Es cierto que la moral de cada pueblo se asimila cada vez más a la de los demás pueblos —al menos, los de una misma cultura y civilización—, a través de un proceso de universalización de la moral en sus principios más altos. Y que la moral a que dan acogida las leyes a través de diversas locuciones no puede equipararse a las costumbres corrientes de una localidad2). Pero no puede desconocerse «la realidad social del tiempo en que han de ser aplicadas», como impone el artículo 3 del Código Civil al establecer los criterios de interpretación.

Y es que, como dice Federico DE CASTRO al comentar las normas del Código en las que la moral aparece como límite a la libertad contractual (arts. 1.244 y 1.275), ello no significa una utópica recepción de todas las reglas de la Etica, sino limitándola a las «buenas costumbres» —expresión que se emplea en otros artículos del Código—. «Las buenas costumbres —dice— hacen referencia a la moral y, a su vez, a la consideración social, según aquélla, de las conductas. Se trata de una conducta moral exigible y exigida en la normal convivencia de las personas estimadas honestas»3).

Como mi propósito es ofrecer un sistema de Derecho positivo, considero ineludible comenzar por destacar la evolución de los principios informantes del Ordenamiento jurídico español. Porque son los principios los que informan este Ordenamiento —como dice el art. 1.4 del Código Civil—, orientan la labor interpretativa y los Jueces y Tribunales aplicarán las leyes conforme a la interpretación de las mismas que resulte de las resoluciones del Tribunal Constitucional —según expresión del art. 5.1 LOPJ.

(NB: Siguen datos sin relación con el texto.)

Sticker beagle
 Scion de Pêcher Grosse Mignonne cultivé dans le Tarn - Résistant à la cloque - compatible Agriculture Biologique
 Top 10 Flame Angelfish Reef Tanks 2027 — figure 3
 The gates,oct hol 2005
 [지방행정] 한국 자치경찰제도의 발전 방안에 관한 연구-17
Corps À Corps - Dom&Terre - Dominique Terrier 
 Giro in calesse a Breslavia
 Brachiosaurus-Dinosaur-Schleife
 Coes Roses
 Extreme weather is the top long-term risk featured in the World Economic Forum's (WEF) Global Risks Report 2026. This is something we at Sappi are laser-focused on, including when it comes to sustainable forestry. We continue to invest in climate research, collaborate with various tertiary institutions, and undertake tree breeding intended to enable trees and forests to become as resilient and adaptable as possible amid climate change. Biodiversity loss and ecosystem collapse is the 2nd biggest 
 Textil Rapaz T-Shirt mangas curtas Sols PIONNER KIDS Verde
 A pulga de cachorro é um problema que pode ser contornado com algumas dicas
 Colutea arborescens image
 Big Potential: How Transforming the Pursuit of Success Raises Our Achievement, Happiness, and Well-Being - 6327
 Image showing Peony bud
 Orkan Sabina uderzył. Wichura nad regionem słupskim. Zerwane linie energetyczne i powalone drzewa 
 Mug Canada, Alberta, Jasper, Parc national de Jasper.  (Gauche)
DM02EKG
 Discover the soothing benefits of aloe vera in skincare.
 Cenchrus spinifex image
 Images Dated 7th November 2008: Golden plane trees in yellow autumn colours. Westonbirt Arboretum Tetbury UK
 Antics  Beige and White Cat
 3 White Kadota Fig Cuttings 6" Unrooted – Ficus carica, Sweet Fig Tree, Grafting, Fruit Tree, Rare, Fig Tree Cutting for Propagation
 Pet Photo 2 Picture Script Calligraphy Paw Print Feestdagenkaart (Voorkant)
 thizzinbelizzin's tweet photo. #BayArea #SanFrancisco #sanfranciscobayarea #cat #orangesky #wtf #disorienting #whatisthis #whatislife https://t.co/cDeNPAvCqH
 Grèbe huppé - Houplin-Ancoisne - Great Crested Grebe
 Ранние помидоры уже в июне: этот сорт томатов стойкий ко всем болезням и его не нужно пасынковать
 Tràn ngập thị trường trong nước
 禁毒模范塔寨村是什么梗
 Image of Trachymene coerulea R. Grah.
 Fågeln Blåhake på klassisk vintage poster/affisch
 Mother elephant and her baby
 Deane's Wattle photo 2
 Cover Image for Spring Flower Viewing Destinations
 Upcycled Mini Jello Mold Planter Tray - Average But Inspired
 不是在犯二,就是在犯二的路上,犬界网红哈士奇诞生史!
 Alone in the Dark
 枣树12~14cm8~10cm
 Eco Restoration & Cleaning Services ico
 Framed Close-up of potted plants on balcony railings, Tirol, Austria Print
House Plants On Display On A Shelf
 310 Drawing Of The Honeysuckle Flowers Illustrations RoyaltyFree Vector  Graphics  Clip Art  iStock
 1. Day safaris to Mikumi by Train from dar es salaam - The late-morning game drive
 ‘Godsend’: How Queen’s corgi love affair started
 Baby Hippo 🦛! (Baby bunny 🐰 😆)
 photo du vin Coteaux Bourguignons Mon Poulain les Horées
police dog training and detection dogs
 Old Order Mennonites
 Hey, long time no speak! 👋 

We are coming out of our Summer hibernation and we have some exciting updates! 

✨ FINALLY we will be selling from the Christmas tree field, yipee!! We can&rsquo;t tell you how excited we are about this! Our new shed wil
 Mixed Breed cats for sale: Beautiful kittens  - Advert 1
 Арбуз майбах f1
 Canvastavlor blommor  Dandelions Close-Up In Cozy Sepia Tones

Es evidente que sin producirse una tan drástica sustitución de los principios como la que supuso la entrada en vigor de la Constitución de 1978, la realidad social puede imponer no ya una distinta interpretación de las normas, sino hasta su derogación. Ejemplo expresivo en el aspecto que quiero hoy tratar es el de unas normas sobre trajes de baño y vestuario en playas y piscinas de 1940, que no fueron derogadas expresamente por ninguna posterior. La invasión del turismo determinó su olvido e inaplicación hasta en los municipios de España más conservadores. Pero cuando lo que cambian son los principios generales informantes del Ordenamiento, cuando estamos ante un Ordenamiento jurídico nuevo, lo que se entiende por moralidad, honorabilidad y buenas costumbres es algo que nada o muy poco se parece a lo que por estos conceptos se entendía en el Ordenamiento derogado.

1

De Buen, La moral en el Derecho civil, conferencia pronunciada en 1940, al empezar su exilio mexicano, y publicada en la «Revista de la Facultad de Derecho de México», tomo XL, núms. 172 a 174 (1990), pág. 58 y sigs.

2

De Buen, La moral , cit., pág. 69.

3

De Castro, El negocio jurídico, Ed. Civitas, 1985, pág. 246.